GUADALUPE S. DE GARCIA y PEREA, Appellee,
vs.
MARIANO BARELA, Appellant

No. 395

SUPREME COURT OF NEW MEXICO

1891-NMSC-034, 6 N.M. 239, 27 P. 507

August 21, 1891

Appeal from the Third Judicial District Court, Dona Ana County. Decree below for complainant, affirmed February 12, 1890, 5 N. M., page 458.

COUNSEL

Wade & Rynerson and Catron, Knaebel & Clancy for appellant.

S. B. Newcomb for appellee.

JUDGES

Lee, J. O'Brien, C. J., and Seeds and Freeman, JJ., concur.

AUTHOR: LEE

OPINION

{*240} On Rehearing

Motion for rehearing.

The opinion states the case on the rehearing.

{1} This is an application for a rehearing of this case, which was argued and decided at the January term, 1890. Upon the hearing of the cause, counsel for appellant contended that the court below had not jurisdiction to hear and determine the cause, for the reason that section 562, Compiled Laws, 1884, vested in the probate court exclusive original jurisdiction to determine all matters of controversy involved in the cause; and this court decided that, if said section 562 was susceptible of the construction claimed for it, said section was in conflict with section 1868 of our organic law, which provides that "the supreme court and the district courts, respectively, of every territory shall possess chancery as well as common law {*241} jurisdiction." The appellant insists that this court erred in its former opinion, and asks to have the cause reheard upon this and other grounds stated in the petition for a rehearing.

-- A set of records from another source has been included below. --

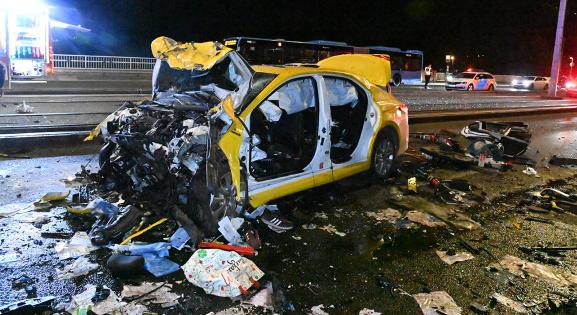 Szörnyű baleset az Árpád hídon: rabolt taxi okozhatta a tragédiát?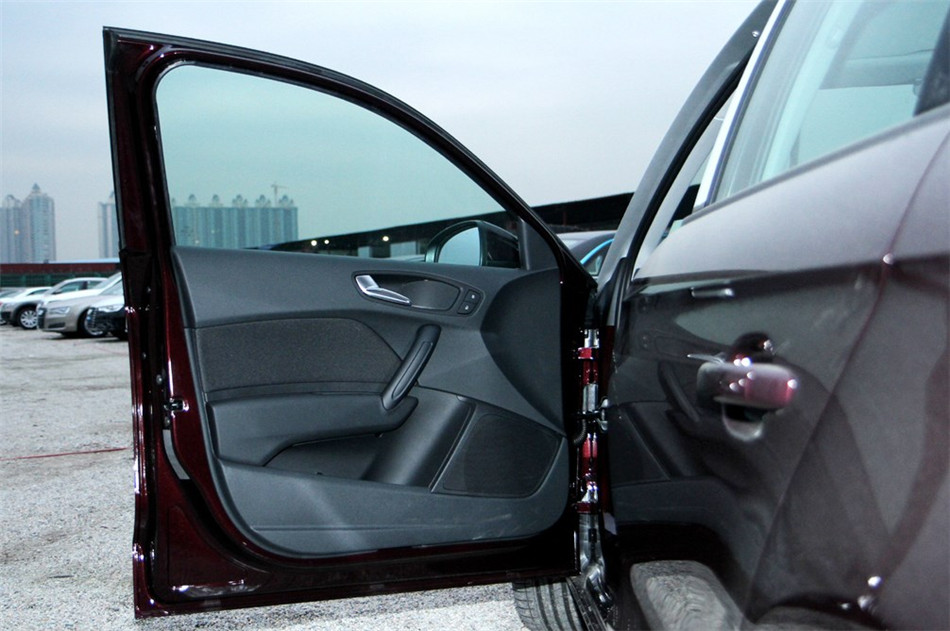 2013款 1.4T 双离合 30 TFSI Sportback Urban 座椅空间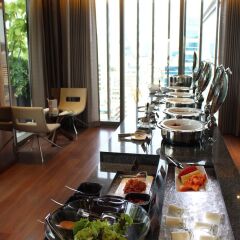Amara Bangkok Hotel спортивное сооружение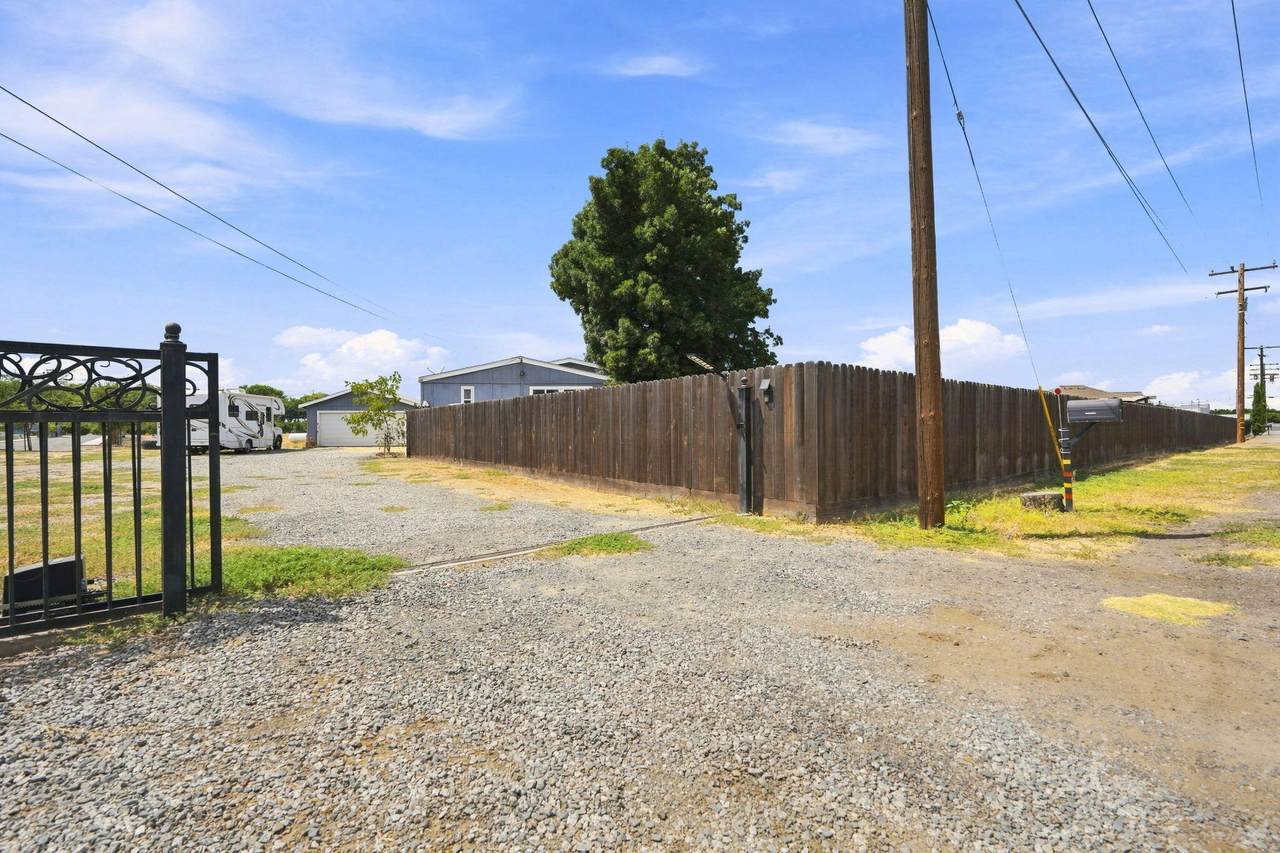 https://bt-photos.global.ssl.fastly.net/tulare/1280_boomver_1_243581-2.jpg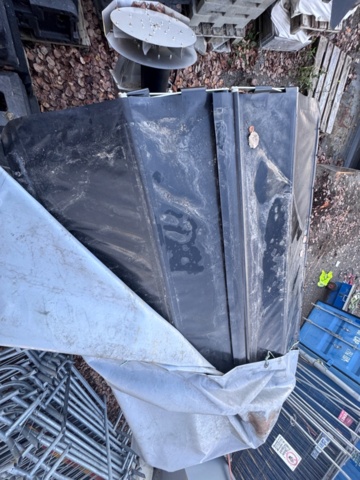 1240557-10 Sand and salt spreader Hilltip IceStriker 2100A - 2019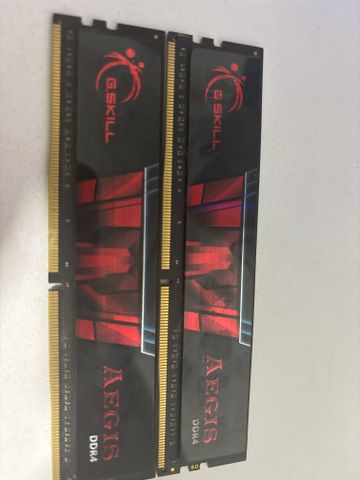 2x8GB RAM DDR4 – סה״כ 16GB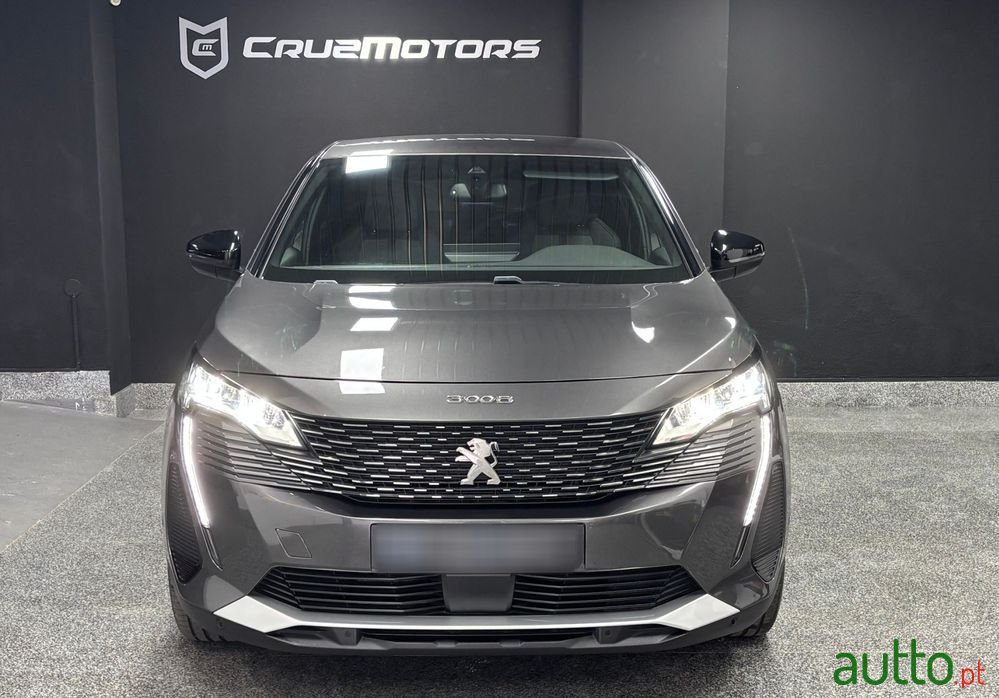 2023' Peugeot 3008 photo #2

{2} Section 10 of our organic act provides that "the judicial power of said territory shall be vested in a supreme court, district courts, probate courts, and in justices of the peace. * * * The jurisdiction of the several courts herein provided for, both appellate and original, and that of probate courts and of justices of the peace, shall be as limited by law. * * *" The supreme court of the United States, in Ferris v. Higley, 87 U.S. 375, 20 Wall. 375, 22 L. Ed. 383, clearly defined the meaning of the words, "shall be as limited by law," and held that it was inconsistent with the nature and scope of probate courts to confer common law and chancery jurisdiction upon such courts in the territory of Utah, whose organic law, in this respect, is substantially like ours. To hold that the probate court of Dona Ana county was possessed of powers to give adequate relief in this case would be to decide that such court possessed chancery jurisdiction. The circumstances of the case and the relief sought are of equitable cognizance, and such as could only be relievable in a court possessing chancery jurisdiction. In any view of the case, the jurisdiction of the probate court is only exclusive as to claims against an estate not exceeding $ 100. The appellee's claim against the estate under the will was for money devised to her, which amounted to some $ 6,000; therefore she could, under section 562, bring her suit in the district court in the first instance. Ordinarily such a suit would be at law, but in this case the appellee had a right to sue on the equity side, in order to get relief from the receipt which she insists the appellant fraudulently obtained from her; and {*242} equity, being properly invoked for the one purpose, would retain jurisdiction for all purposes necessary to give her complete relief in respect to that claim. The provision of the act of congress, that "the supreme court and district courts, respectively, of every territory shall possess chancery as well as common law jurisdiction," excludes the idea that the probate courts shall have exclusive jurisdiction in cases where equities are involved. Nor would a due regard to public policy and the protection of estates of decedents justify the grant of such extensive powers to probate courts as constituted in New Mexico.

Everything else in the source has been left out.